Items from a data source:
◆ ◆ ◆ ◆

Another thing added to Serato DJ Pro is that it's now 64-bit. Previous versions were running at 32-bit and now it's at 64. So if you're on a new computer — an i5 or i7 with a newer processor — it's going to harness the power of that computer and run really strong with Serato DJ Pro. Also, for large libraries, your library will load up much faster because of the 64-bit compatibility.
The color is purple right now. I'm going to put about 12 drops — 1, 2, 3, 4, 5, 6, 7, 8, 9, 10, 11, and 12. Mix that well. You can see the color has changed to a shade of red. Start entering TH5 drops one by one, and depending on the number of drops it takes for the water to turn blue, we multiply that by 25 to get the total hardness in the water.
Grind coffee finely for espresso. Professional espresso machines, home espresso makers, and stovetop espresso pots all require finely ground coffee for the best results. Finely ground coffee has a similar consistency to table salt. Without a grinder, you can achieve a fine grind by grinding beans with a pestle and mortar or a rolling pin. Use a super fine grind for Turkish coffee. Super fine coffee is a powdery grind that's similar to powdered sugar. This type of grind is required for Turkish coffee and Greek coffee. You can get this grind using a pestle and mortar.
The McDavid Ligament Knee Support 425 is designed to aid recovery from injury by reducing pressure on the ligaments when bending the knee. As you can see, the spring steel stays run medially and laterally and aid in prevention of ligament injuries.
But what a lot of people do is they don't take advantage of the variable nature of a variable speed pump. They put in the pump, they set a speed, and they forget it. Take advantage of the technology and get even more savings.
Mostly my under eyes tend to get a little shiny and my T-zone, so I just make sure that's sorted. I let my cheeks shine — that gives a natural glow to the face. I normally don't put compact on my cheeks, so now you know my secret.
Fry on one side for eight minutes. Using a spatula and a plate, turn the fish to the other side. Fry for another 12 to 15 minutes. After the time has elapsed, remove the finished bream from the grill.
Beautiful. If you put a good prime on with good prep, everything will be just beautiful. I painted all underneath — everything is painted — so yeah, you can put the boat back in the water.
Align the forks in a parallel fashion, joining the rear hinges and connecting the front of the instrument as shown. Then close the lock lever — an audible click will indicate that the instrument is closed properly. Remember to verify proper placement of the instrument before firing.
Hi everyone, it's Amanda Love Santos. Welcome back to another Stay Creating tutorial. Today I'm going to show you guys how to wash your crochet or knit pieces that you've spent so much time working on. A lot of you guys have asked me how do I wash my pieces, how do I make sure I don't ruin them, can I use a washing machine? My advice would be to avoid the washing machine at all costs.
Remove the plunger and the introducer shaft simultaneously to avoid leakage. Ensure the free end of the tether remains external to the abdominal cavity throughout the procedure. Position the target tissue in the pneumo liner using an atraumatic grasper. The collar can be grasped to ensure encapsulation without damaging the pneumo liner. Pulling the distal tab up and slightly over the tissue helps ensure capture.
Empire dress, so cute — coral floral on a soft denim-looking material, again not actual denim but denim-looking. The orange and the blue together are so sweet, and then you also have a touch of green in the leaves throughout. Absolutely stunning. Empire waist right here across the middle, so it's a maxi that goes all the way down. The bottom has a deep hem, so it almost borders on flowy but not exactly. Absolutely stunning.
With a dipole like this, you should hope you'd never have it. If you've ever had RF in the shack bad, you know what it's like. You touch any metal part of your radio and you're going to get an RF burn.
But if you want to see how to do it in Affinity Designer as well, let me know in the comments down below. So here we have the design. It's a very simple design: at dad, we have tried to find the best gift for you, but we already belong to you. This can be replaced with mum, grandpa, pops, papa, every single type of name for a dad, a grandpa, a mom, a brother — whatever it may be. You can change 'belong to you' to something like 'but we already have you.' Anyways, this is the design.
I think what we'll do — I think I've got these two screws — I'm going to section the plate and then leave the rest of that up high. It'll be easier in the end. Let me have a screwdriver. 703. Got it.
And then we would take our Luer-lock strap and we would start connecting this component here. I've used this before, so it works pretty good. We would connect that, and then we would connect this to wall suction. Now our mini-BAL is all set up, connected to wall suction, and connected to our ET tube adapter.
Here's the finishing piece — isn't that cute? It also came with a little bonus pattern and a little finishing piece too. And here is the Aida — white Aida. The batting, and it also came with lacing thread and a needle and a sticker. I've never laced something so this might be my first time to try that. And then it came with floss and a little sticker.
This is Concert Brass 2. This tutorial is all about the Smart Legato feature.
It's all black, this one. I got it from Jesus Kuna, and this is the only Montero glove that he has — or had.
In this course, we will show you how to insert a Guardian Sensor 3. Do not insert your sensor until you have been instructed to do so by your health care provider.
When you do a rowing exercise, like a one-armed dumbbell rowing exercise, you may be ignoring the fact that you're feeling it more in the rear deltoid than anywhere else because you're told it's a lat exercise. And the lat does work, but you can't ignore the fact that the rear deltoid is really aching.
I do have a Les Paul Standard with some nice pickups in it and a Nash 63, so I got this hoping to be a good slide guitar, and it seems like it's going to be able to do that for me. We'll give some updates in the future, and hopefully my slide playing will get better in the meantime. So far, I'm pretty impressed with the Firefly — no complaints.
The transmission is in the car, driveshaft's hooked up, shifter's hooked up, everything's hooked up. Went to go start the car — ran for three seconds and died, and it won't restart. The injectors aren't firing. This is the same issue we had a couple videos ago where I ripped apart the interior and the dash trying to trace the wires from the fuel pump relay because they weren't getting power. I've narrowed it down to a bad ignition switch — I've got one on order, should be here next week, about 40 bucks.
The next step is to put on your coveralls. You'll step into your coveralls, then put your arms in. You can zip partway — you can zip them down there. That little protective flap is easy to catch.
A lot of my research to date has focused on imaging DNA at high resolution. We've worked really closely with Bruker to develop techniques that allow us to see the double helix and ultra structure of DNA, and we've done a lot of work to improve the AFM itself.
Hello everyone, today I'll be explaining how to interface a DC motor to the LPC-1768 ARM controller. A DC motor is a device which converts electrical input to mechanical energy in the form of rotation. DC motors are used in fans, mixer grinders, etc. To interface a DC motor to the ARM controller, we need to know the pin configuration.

◆ ◆ ◆ ◆

Exercise details:
Your answer should consist solely of the lines above from the line with "When you do" to the line with "The transmission is", both included, reproduced exactly.

Result:
When you do a rowing exercise, like a one-armed dumbbell rowing exercise, you may be ignoring the fact that you're feeling it more in the rear deltoid than anywhere else because you're told it's a lat exercise. And the lat does work, but you can't ignore the fact that the rear deltoid is really aching.
I do have a Les Paul Standard with some nice pickups in it and a Nash 63, so I got this hoping to be a good slide guitar, and it seems like it's going to be able to do that for me. We'll give some updates in the future, and hopefully my slide playing will get better in the meantime. So far, I'm pretty impressed with the Firefly — no complaints.
The transmission is in the car, driveshaft's hooked up, shifter's hooked up, everything's hooked up. Went to go start the car — ran for three seconds and died, and it won't restart. The injectors aren't firing. This is the same issue we had a couple videos ago where I ripped apart the interior and the dash trying to trace the wires from the fuel pump relay because they weren't getting power. I've narrowed it down to a bad ignition switch — I've got one on order, should be here next week, about 40 bucks.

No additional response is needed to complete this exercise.